Machine Learning: Text Classifier Model in Python

Arnau

4 years ago

Contenidos Hidden

As I mentioned in the previous post, we are going to “land” a practical example of how to implement a simple text classifier, more specifically an incident classifier

Choose language

Returning to the previous article, the best known languages to create Machine learning projects are R, Python and Java. I don’t know much about R but it seems less versatile than the other two. On the other hand, although Java is well known and robust, I have found more content about ML in Python and I also believe that it is more practical to take the first steps (less structure to modify in each trial / error iteration) therefore we will choose this language for learn.

In addition, there is the JupyterNotebook project that allows you to program Python from a web interface, you can execute the code for lines so that you can execute only a part of the code as many times as you want but keeping the states of the variables and objects with the values obtained from the previous lines without having to execute them again. This is very practical when working with operations that can take a long time to execute, such as ML projects.

The data

In our example, we will have a CSV file with more than 80,000 correctly categorized incidents.

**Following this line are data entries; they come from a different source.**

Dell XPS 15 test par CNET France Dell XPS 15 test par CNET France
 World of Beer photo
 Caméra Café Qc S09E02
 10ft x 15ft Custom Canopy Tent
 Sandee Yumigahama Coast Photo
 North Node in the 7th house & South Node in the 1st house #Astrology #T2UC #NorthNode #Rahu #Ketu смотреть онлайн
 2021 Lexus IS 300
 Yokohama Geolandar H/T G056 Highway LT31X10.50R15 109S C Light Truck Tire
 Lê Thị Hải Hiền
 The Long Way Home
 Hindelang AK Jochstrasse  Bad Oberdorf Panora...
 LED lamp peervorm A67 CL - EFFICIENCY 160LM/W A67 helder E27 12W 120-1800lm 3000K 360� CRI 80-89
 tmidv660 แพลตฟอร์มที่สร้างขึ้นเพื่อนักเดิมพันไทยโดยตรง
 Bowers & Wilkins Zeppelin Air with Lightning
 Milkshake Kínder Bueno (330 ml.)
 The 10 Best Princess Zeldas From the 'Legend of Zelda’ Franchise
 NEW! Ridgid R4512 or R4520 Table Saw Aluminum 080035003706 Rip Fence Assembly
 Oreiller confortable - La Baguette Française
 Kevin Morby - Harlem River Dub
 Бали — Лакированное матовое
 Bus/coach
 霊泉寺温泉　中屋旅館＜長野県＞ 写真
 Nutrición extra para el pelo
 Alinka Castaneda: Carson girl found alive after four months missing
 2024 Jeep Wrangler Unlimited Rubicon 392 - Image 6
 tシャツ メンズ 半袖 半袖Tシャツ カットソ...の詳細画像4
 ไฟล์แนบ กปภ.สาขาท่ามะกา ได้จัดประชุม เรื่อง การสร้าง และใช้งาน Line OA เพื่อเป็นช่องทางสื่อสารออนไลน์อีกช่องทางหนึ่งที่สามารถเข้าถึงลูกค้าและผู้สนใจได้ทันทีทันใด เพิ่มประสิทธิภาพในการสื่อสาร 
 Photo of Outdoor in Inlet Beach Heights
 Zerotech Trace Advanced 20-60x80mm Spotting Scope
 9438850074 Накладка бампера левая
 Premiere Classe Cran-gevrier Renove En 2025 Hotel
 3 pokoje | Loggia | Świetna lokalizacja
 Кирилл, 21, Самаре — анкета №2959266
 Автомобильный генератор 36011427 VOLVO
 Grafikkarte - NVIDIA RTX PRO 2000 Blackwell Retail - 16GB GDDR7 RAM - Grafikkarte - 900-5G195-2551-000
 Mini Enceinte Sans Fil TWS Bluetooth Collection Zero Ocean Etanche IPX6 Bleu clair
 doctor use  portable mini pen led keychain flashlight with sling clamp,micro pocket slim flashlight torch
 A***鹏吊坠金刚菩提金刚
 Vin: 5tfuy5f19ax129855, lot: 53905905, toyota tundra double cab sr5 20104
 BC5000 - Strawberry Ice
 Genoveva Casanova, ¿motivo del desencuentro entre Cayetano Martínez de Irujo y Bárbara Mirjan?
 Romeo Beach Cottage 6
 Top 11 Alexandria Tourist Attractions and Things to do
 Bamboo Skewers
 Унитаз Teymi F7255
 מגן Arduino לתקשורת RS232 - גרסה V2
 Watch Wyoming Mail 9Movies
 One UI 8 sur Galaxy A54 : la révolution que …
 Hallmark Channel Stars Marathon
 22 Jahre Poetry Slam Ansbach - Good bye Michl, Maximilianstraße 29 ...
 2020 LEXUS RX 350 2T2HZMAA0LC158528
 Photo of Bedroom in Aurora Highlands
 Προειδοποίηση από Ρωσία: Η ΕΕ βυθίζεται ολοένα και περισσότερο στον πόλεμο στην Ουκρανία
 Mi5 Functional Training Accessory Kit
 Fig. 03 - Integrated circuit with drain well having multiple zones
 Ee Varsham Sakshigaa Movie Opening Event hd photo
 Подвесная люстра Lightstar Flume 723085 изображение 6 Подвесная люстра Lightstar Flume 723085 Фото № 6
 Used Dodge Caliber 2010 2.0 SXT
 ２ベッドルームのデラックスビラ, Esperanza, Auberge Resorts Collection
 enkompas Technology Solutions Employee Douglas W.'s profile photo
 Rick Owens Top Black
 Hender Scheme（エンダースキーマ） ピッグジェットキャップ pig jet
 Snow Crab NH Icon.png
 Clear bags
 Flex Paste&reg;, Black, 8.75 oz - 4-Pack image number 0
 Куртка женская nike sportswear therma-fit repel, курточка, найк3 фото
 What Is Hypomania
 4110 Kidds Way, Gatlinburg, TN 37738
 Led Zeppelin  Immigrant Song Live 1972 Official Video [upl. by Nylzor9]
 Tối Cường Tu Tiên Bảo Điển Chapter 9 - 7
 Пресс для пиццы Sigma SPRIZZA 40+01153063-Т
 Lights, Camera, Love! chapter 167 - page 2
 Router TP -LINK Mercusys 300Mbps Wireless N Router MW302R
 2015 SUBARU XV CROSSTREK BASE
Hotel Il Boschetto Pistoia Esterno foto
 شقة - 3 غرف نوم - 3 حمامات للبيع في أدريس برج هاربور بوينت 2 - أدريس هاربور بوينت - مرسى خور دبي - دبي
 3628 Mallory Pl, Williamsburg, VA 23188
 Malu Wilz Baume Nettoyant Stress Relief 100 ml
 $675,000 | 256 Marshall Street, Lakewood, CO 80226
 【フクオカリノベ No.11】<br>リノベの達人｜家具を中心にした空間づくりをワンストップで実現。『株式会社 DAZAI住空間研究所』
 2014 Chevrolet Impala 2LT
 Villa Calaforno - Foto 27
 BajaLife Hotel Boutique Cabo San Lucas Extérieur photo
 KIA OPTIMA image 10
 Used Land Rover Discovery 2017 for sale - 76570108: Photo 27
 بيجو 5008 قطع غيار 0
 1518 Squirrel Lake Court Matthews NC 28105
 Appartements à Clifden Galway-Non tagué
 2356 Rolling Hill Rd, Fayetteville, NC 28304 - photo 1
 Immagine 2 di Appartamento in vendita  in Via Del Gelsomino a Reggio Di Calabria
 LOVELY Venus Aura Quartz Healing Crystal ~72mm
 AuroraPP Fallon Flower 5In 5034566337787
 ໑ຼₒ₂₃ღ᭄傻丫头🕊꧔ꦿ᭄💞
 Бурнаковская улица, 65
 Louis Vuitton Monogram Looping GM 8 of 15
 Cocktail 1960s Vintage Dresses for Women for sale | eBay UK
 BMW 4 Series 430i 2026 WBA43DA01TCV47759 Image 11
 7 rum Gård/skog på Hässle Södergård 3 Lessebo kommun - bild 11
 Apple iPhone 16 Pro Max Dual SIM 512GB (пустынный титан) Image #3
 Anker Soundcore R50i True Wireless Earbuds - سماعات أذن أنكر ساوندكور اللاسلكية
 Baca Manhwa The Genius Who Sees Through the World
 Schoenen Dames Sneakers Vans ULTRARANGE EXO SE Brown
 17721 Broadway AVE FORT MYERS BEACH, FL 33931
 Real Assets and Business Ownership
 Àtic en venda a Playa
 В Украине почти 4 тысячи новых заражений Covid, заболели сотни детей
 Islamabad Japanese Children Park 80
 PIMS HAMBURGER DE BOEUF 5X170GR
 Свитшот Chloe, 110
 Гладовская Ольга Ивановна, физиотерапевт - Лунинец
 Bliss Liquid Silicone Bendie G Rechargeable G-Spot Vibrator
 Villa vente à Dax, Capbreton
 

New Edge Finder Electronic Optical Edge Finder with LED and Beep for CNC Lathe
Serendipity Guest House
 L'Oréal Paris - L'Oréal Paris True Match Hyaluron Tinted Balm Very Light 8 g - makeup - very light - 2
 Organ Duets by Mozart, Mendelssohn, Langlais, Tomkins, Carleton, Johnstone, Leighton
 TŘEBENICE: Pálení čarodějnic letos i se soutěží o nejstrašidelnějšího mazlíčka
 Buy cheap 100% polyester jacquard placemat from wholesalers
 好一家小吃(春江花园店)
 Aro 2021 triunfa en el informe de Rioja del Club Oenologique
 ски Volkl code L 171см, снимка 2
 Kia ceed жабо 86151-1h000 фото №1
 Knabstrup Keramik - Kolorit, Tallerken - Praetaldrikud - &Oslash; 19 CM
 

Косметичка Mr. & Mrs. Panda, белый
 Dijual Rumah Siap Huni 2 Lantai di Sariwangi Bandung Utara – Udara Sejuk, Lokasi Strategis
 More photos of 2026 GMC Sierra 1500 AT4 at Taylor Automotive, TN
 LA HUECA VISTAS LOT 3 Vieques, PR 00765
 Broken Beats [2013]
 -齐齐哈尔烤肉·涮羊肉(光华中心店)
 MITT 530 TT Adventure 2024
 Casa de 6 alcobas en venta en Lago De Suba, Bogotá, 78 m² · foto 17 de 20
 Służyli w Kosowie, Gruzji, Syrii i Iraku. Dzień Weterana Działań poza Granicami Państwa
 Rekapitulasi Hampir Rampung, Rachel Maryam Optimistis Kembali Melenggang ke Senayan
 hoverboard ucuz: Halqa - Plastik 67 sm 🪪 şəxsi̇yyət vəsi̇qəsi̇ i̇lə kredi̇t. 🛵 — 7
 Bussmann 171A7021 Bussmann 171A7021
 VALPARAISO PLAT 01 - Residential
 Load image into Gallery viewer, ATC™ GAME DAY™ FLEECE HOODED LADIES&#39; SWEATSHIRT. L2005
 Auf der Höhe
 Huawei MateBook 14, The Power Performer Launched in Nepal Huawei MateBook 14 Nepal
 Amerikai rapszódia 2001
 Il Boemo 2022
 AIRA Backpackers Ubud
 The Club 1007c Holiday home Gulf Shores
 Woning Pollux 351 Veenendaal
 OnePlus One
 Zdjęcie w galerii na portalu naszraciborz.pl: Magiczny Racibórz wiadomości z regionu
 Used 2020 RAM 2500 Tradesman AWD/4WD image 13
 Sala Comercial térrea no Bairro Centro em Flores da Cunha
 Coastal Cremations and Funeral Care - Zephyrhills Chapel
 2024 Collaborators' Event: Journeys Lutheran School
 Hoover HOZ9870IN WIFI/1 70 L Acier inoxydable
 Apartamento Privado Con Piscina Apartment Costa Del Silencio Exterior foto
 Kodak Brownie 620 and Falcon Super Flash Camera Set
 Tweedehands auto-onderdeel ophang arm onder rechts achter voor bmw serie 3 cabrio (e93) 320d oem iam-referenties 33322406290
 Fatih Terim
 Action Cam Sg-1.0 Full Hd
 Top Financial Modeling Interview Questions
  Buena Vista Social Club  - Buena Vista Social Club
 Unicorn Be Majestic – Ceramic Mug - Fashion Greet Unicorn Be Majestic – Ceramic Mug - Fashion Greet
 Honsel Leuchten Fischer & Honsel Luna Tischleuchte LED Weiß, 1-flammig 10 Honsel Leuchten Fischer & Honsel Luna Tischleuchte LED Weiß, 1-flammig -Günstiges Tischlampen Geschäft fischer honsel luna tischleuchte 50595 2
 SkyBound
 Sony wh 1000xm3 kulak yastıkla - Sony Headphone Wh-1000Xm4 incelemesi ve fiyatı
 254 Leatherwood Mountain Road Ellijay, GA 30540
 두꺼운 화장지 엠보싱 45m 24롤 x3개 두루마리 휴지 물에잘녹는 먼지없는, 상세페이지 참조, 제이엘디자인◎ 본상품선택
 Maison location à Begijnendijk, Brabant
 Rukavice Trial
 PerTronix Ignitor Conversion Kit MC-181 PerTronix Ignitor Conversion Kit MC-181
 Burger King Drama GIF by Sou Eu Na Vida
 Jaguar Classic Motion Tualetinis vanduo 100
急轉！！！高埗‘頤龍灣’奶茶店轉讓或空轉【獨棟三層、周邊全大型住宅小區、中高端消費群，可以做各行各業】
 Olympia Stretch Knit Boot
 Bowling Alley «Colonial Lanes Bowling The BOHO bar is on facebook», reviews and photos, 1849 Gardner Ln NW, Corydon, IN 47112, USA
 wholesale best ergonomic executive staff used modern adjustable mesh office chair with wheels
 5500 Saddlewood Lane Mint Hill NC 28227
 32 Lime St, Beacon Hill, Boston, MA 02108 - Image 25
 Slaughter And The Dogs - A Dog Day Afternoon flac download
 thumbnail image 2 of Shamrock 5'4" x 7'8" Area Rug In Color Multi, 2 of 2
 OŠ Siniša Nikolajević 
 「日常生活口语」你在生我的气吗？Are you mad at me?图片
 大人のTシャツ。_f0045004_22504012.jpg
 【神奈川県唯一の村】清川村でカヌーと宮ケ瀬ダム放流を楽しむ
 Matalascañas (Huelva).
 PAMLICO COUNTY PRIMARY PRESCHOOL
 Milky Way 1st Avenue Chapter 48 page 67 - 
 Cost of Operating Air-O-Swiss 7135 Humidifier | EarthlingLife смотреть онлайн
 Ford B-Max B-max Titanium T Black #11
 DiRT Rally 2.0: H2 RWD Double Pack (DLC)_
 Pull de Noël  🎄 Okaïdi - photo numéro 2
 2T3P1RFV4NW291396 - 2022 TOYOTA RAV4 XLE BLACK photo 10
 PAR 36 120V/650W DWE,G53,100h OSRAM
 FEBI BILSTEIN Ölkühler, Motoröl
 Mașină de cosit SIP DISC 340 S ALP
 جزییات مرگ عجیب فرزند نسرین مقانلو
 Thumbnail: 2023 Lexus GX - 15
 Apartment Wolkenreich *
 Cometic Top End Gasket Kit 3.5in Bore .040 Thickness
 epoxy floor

We could also add the field that informs the person who has written the incident it can help us to know what type of incident it is because usually a worker puts similar types of incident. For example, a warehouse worker, due to the type of work he does, will be more likely to make an incident to the maintenance department than the accounting department.

The file will have the following structure:

caller_id: Name of the person who wrote the incident.
short_description: Issue subject or short description.
description: The complete description.
assignment_group: Category or queue to which the issue is assigned.

As we talked about in the previous article, the quality of the data is very important. In this case it has not been necessary to clean up, but if the software saves the text in some kind of rich format (for example HTML) before advancing and training the model, we should polish the data.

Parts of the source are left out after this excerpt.